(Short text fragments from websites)
-=-=-=-=-

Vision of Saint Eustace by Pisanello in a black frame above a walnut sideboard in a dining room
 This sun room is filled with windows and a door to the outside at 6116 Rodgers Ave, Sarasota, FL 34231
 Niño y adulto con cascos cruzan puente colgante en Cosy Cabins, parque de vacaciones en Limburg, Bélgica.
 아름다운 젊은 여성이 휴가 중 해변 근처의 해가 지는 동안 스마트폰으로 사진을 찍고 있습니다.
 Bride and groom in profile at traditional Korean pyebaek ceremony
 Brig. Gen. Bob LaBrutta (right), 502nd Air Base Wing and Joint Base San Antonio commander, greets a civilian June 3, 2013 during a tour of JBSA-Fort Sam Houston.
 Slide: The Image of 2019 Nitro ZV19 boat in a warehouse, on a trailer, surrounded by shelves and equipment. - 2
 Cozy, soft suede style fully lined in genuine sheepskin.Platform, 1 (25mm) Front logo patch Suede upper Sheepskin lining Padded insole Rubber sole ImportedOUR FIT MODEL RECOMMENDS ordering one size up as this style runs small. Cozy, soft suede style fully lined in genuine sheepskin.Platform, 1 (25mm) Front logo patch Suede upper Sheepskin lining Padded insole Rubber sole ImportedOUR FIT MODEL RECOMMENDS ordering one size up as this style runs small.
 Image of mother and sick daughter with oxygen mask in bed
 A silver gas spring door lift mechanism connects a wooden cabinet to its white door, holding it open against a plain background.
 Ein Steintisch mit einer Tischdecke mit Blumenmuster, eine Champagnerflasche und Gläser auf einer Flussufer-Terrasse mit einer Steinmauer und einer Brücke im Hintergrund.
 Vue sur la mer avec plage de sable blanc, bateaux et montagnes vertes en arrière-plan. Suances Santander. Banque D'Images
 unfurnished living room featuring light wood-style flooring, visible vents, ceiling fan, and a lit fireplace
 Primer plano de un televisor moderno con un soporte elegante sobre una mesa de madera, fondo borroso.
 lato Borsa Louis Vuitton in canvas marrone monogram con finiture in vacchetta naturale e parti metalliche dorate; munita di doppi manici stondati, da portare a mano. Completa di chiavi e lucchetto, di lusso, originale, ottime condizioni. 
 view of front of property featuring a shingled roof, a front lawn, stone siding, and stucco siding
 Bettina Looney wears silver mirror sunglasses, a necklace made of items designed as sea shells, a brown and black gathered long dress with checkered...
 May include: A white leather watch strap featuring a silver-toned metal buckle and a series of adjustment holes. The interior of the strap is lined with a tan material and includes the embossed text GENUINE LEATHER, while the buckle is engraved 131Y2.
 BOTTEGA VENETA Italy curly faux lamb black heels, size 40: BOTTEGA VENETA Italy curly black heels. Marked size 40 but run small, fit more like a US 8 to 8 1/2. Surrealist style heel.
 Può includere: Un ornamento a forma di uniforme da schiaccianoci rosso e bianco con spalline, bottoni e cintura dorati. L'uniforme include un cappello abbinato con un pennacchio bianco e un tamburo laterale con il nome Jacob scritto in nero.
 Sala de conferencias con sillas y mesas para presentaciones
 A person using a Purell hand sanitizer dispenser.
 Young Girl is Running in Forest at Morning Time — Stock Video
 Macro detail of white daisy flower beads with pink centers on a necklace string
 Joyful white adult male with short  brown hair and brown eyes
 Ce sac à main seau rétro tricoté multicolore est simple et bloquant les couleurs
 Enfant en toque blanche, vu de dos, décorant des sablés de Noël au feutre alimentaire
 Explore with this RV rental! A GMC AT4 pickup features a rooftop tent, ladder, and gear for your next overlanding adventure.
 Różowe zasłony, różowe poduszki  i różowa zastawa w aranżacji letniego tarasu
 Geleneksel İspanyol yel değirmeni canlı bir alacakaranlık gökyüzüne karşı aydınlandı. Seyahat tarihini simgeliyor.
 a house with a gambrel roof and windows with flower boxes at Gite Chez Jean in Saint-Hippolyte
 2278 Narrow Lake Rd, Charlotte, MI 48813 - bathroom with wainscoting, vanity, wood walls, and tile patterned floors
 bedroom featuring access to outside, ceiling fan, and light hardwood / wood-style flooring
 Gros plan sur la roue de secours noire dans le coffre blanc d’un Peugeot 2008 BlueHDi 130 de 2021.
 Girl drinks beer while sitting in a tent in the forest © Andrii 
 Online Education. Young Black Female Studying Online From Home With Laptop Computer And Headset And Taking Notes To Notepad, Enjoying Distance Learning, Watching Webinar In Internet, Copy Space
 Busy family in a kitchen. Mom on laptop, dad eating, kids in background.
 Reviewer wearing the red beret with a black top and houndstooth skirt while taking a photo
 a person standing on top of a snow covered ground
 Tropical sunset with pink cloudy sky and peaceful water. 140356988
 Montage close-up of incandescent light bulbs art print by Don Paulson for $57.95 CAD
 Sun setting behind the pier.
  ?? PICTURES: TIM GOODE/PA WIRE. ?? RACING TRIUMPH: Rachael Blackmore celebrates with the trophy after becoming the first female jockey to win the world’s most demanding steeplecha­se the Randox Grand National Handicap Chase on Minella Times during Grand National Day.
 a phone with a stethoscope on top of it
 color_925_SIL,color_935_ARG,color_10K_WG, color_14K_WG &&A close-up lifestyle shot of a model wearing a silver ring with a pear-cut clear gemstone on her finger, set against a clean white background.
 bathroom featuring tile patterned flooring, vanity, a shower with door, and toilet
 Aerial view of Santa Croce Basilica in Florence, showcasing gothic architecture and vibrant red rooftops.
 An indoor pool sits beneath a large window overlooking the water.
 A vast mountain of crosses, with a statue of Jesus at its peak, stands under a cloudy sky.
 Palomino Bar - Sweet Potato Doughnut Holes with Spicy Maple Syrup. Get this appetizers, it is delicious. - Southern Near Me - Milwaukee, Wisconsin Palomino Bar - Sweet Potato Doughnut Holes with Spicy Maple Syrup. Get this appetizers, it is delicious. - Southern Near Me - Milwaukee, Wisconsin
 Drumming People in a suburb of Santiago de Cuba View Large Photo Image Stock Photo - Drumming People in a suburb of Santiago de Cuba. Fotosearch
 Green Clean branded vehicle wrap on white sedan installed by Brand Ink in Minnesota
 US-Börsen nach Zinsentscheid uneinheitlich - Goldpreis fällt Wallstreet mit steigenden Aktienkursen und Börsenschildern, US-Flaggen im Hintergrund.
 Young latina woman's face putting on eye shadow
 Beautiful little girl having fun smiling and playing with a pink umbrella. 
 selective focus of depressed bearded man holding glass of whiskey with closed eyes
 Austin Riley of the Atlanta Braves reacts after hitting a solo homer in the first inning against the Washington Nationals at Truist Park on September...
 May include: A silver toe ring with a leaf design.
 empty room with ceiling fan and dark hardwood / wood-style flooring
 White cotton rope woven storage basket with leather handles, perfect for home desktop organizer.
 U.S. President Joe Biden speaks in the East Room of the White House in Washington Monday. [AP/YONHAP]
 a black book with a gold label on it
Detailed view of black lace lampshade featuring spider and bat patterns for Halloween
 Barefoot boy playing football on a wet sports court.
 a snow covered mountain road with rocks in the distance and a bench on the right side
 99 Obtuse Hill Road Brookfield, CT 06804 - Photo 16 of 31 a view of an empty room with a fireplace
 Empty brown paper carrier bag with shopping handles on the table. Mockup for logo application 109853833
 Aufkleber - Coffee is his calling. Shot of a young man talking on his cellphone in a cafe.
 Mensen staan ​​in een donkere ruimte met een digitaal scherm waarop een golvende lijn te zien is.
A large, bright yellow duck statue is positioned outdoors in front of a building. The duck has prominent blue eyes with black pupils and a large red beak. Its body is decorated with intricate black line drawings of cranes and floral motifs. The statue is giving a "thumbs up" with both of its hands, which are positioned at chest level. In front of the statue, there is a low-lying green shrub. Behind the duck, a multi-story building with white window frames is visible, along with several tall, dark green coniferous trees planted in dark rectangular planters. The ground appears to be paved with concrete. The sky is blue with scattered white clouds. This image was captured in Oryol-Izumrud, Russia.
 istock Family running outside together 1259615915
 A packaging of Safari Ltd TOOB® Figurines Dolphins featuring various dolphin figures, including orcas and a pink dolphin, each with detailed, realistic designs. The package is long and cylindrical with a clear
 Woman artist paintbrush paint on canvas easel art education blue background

-=-=-=-=-

- [Required work]: Working through the entries above, copy every line in which "wearing" is found.

- [Result of this exercise]:
 Reviewer wearing the red beret with a black top and houndstooth skirt while taking a photo
 color_925_SIL,color_935_ARG,color_10K_WG, color_14K_WG &&A close-up lifestyle shot of a model wearing a silver ring with a pear-cut clear gemstone on her finger, set against a clean white background.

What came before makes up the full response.